The fifth longest-running play in Broadway history, Ira Levin's Deathtrap melds gasp-out-loud suspense with laugh-out-loud laughs, and continues to be one of the most-performed stage plays, with thousands of productions since its 1978 premiere attesting to its lasting audience appeal.
“I’d like people to leave DEATHTRAP feeling that they’ve had some thrills and some laughs and been well entertained.”
—Levin (New York Theatre Review, 1978)
Like much of Levin's work, Deathtrap broke new ground, with a unique comedy-thriller formula (then an essentially new conceit), openly-gay characters, and bone-deep meta-theatricality – the latter inspiring innumerable later works of the "So-you-see, what-was-really-going-on-behind-the-scenes-all-this-time-was..." school.
Levin self-ribbingly modeled lead character Sidney "four flops" Bruhl after his own four Broadway commercial misfires prior to Deathtrap. And though Sidney's often cast as a debonair Englishman, Levin wrote the part as an entirely different type: “John Wood . . . was not the way I had originally seen the role of [Sidney Bruhl] in Deathtrap. He was the producer’s suggestion . . . I thought we should have cast Rod Steiger – someone sweaty, you know? An actor on the ropes.” —Levin (Opera News, 1997)
Interestingly, Deathtrap is in one sense a furthering of Critic's Choice's central conundrum, i.e. one spouse writing a play the other wishes they weren't; only here, virtually every character is seeking to write the titular "Deathtrap."
The production's custom-fabricated prop crossbow needed to be replaced three times over the show's four-and-a-half-year run, due to string tension-induced wear caused by the number of times it had to be locked and "fired."
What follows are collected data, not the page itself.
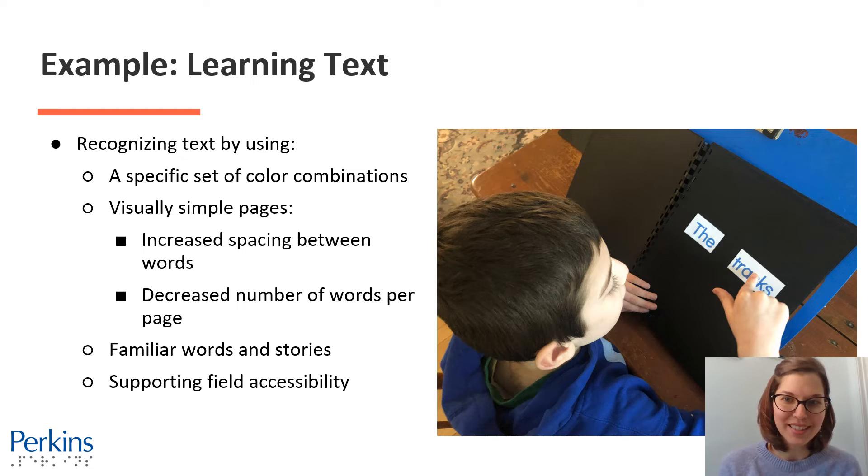Here's an example of a student learning to recognize some printed text. He's recognizing that text using a very specific set of color combinations — blue on white contrast — that works for this specific student. It's visually simple with black pages on the back, increased spacing between the words. There are just two words on a black piece of paper: 'the' and 'tracks.' That's what's most visually accessible for this specific student to be able to recognize that text, and he's pointing to the word 'tracks.'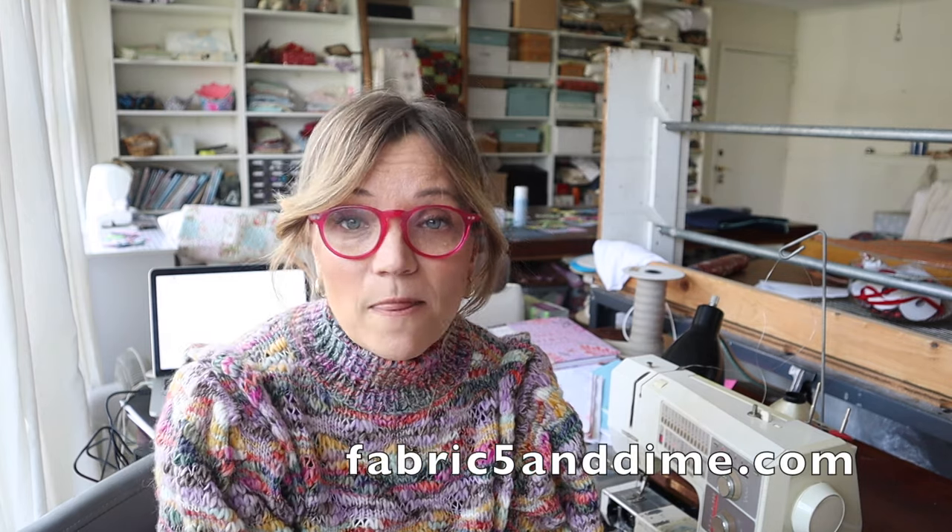We used to have a closeout fabric store in town — dead stock — called Boco Bargoons. They're based in Atlanta, and my next video will feature a fabric they sponsored, so check that out. Their online fabric store is called Fabric Five and Dime. Prices are really excellent, but it is dead stock, so you're not getting the latest designer fabrics. There are good neutrals there, but in limited quantities, so you've got to have an open mind when shopping.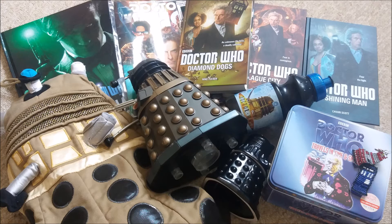So yeah, that is all the Doctor Who items I purchased in May. Thank you for watching, I hope you enjoyed this video.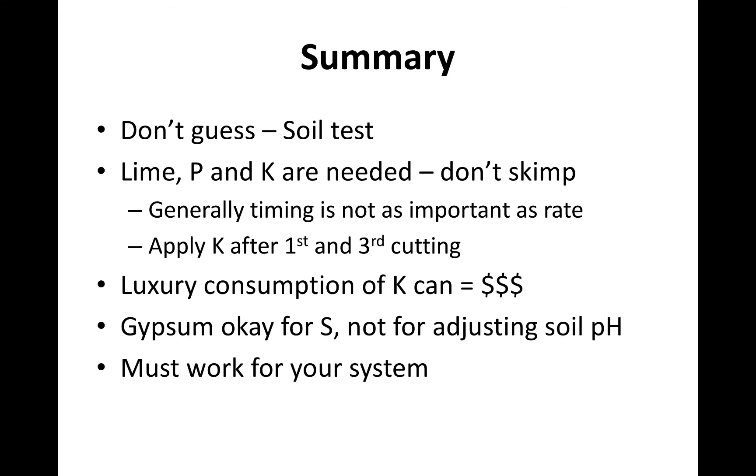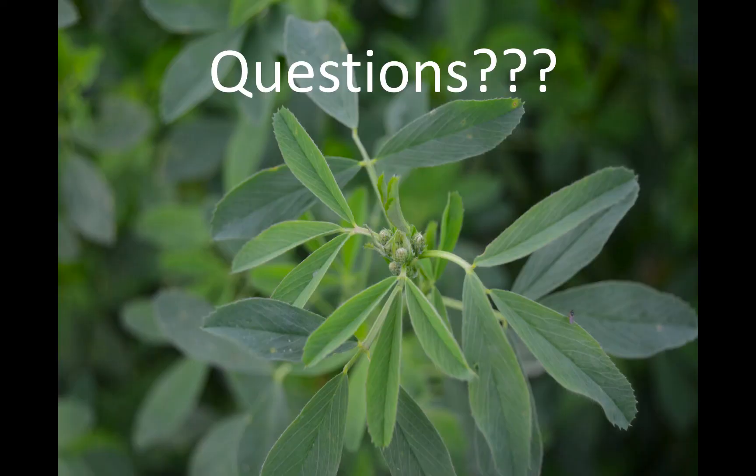Wrapping it up — 60 cents an acre is a very good investment, so go run that soil test. Lime, phosphorus, and potassium are needed. It's a high dollar crop and a high removal crop — don't skip. Luxury consumption can cost real money. And if you do want to use gypsum and suspect a sulfur deficiency, use it for that — it's the cheapest source of sulfur you can get, but all of this must work into your system.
There's an undiscovered Stepford Wives Easter egg in Deathtrap – both are set in Fairfield County, Connecticut, with Deathtrap referencing the realtor "Buck Raymond" — the same as features in Stepford. (The implications of this would actually run quite deep...)
(Deathtrap TV Ad)
Deathtrap was one of the first Broadway shows to advertise on television, and the first to our knowledge to place ads (in this case, the logo's leering eyes) on the backs of NYC buses – quite a sight for tailgating traffic. When unable to find a satisfactory voice to narrate the TV ad, the show's lead producer Alfred de Liagre Jr. stepped in and provided his own – "Murderously funny!"
(Opening of "The Jerk")
Deathtrap has a movie cameo. In Steve Martin's comedy classic "The Jerk," the opening reveal pans down and across a production of the play, then appearing at Hollywood's Huntington Hartford Theatre (now The Montalban). (Note: Levin did not hate cans.)